# What the exercise asks
Retype every entry word for word. Omit the pictures.

# Information given
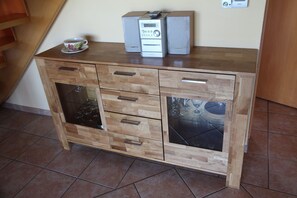 Een houten kast met glazen lades, een klein tafeltje met een kop en een afstandsbediening, en een speaker erbovenop.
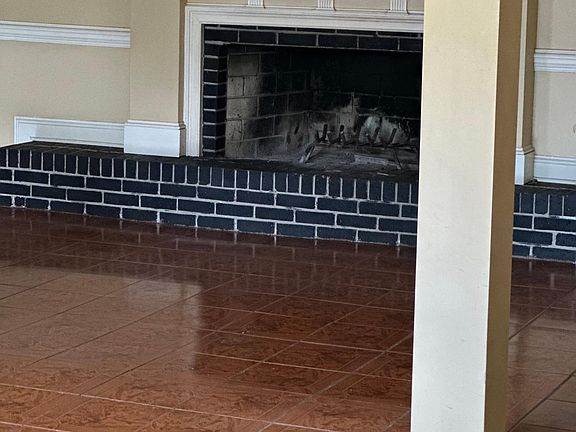 Cozy Fireplace in family room off kitchen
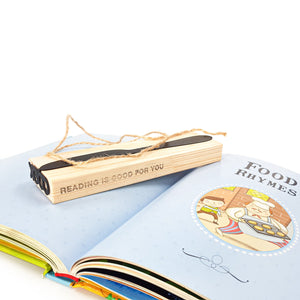 Knife-shaped COOK bookmark placed in a wooden gift block engraved with “Reading is good for you,” resting on an open children’s cookbook page titled “Food Rhymes.”
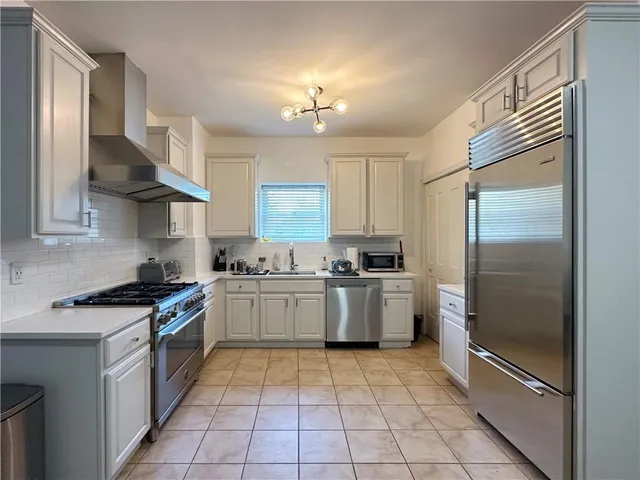 a kitchen with a table chairs refrigerator and microwave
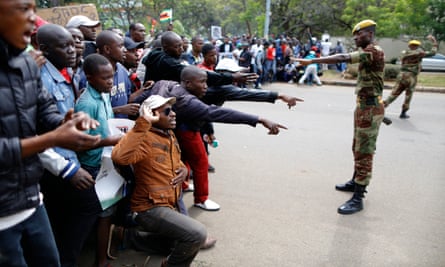Soldiers stop people as they try to make their way to State House.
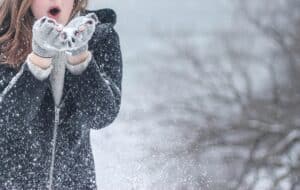 A woman in a dark winter coat and mittens blows snow from her hands.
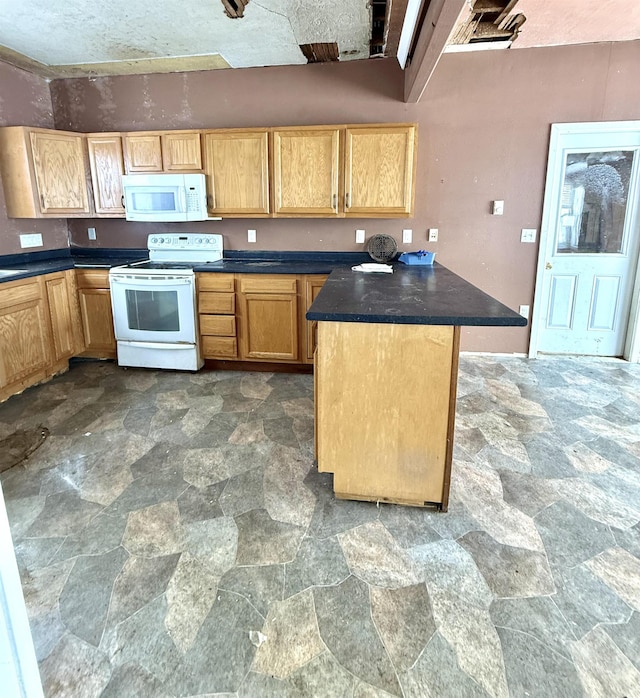 kitchen featuring stone finish floor, white appliances, dark countertops, and a peninsula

# Task answer
 Een houten kast met glazen lades, een klein tafeltje met een kop en een afstandsbediening, en een speaker erbovenop.
 Cozy Fireplace in family room off kitchen
 Knife-shaped COOK bookmark placed in a wooden gift block engraved with “Reading is good for you,” resting on an open children’s cookbook page titled “Food Rhymes.”
 a kitchen with a table chairs refrigerator and microwave
Soldiers stop people as they try to make their way to State House.
 A woman in a dark winter coat and mittens blows snow from her hands.
 kitchen featuring stone finish floor, white appliances, dark countertops, and a peninsula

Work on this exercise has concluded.